Generally, Silicon Valley investors and entrepreneurs are of the opinion that you should do the following:

  1. Hire someone who already has experience, ideally with a degree from a top-tier university, with the right culture fit.
  2. Hire absolute top talent. One person who’s at the top of their game will out-perform ten normal people.
  3. Replace employees when they eventually tap out and can’t scale their skills to the next level.

These three pieces of advice are logical and theoretically correct. However, I’d like to tackle each one and explain where I experienced problems.

1) Hire someone who already has experience, ideally with a degree from a top-tier university, with the right culture fit.

The majority of people with college degrees and experience in Tech are white males. This means I ended up creating a mono-culture of primarily white male college graduates. Hopefully, I don’t have to explain to you why this is backward and bad for business, but here is more reading material on the merits of diversity.
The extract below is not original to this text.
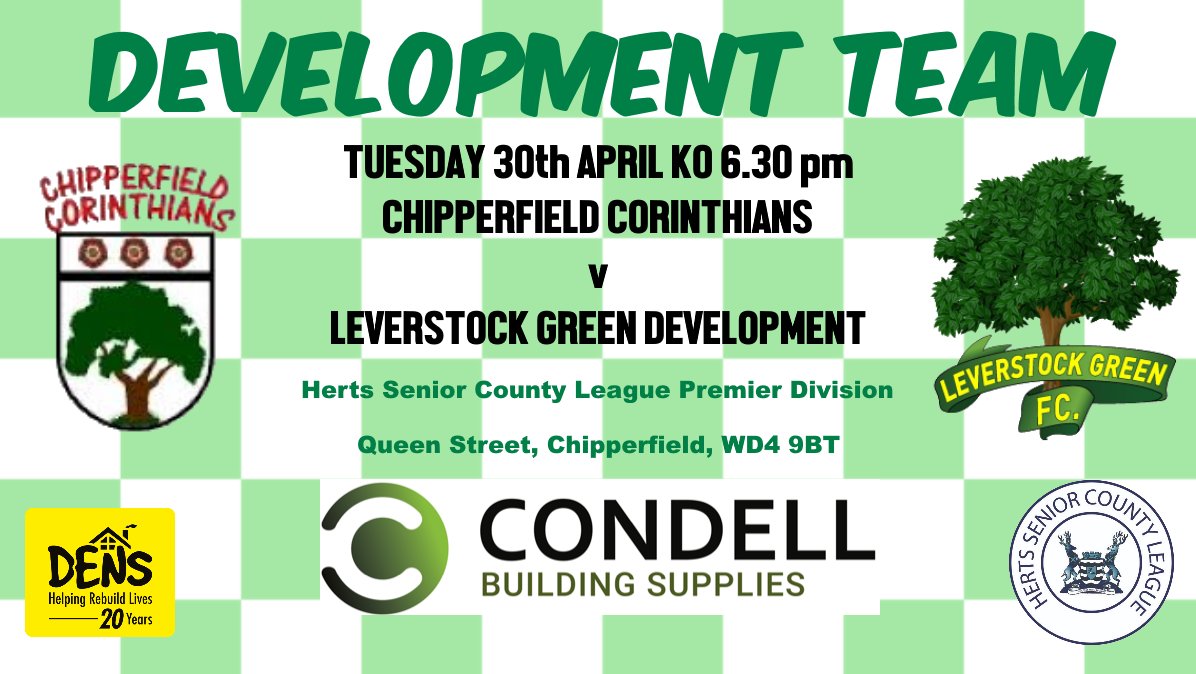 🌳⚽️ DEV TEAM ⚽️🌳 The Development Team are in action tonight in the @hscfl Premier Division. KO against @ChipCorinthians is 6.30 pm at Queen Street. @CondellLtd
In order to diversify our team we started a partnership with the Boys & Girls Club, to pinpoint hardworking individuals that are simply lacking the skills to work in the tech industry. We invest in them and train them, using Treehouse, and at the end of the program we (and other local tech companies) have a group of Apprentices with the exact skill we require. Here’s an earlier post I wrote that explains the whole program.

And while we’re here I don’t like the phrase ‘culture fit’. This is a dangerous term because it usually means ‘people who look/sound/act like me’ which has nothing to do with being effective at work and again, usually creates an unhealthy mono-culture.

2) Hire absolute top talent. One person who’s at the top of the game will out-perform ten normal people.

It’s difficult to fully understand and validate someone’s previous experience and achievements. It’s not that people are lying about their experience. It’s more that hiring an employee is very similar to the first couple of dates with someone. You’re both trying to impress one another, hide your flaws and ideally create a long-term relationship. Inevitably, your true strengths and weaknesses reveal themselves after you settle into a longer term relationship.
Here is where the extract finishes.